Folkestone Herald 24 January 1992.
Local News.
Publicans are prepared to lose their jobs and homes rather than sign new
leases they say could double their rents. Half the publicans in Fover
being offered these contracts and two thirds in Shepway are rebelling,
say the local branches of the Licensed Victuallers' Association.
“It's like signing a suicide pact, and I won't do it”, says Rick Abbott,
who runs the Cricketers in River. He added “I have a wife and three
children and we would lose our home, but we would be ruined if I
signed”.
Big breweries, with more than 2,000 pubs in the country, are selling
pubs or offering 20-year leases because the Monopolies and Mergers
Commission is restricting how many they can have.

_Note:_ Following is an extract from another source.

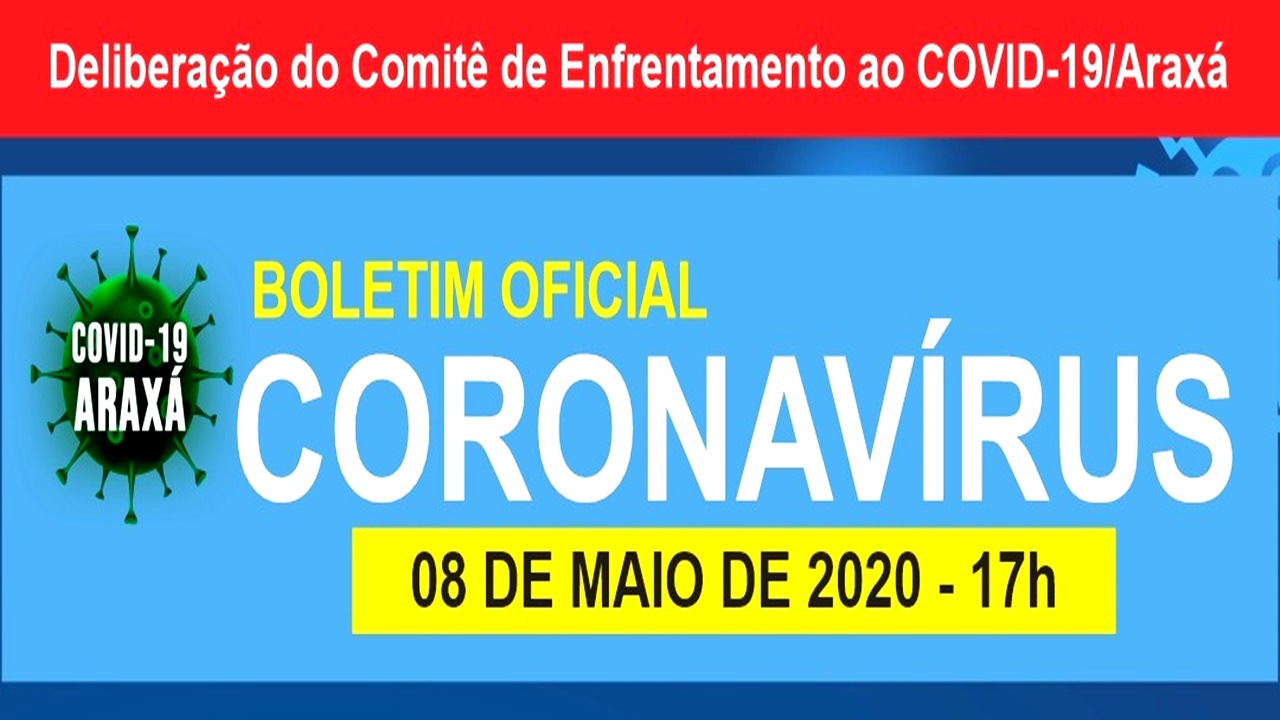 Boletim Oficial Coronavírus em Araxá – 08/05/2020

Alf Bentley, landlord of the Red Lion in Charlton Green, Dover, said
“This is as ill-conceived as the poll tax. What use is a 20-year lease
to me when I am 60? The breweries are also driving out experienced
landlords and replacing them with people who were probably bakers
before”.
Leslie Carpenter, of Carpenter's in The Stade, Folkestone, said “My own
rent will only go up by a third, but I couldn't even manage that. I am
prepared tolose my job rather than accept. It's hard enough to survive
with the recession. We've just lost more customers through the Sealink
redundancies”.
The L.V.A. says the increases would further damage pubs because
landlords would have to put up their prices to try to survive. They say
the cost of a pint is now pushing £2.
Only last week Barry Musk walked out of the pub where he had been a
tenant for four years, the Red Cow, in Foord Road, Folkestone. He now
manages a free house, the Imperial, in Black Bull Road. He said “Signing
would have meant my rent going up from £12,000 a year to £20,000, which
would have ruined me. I was lucky because I found another pub without
that kind of expense”.
All four pubs are owned by Whitbread. A spokesman said the company was
willing to negotiate with landlords if they could not afford new rents.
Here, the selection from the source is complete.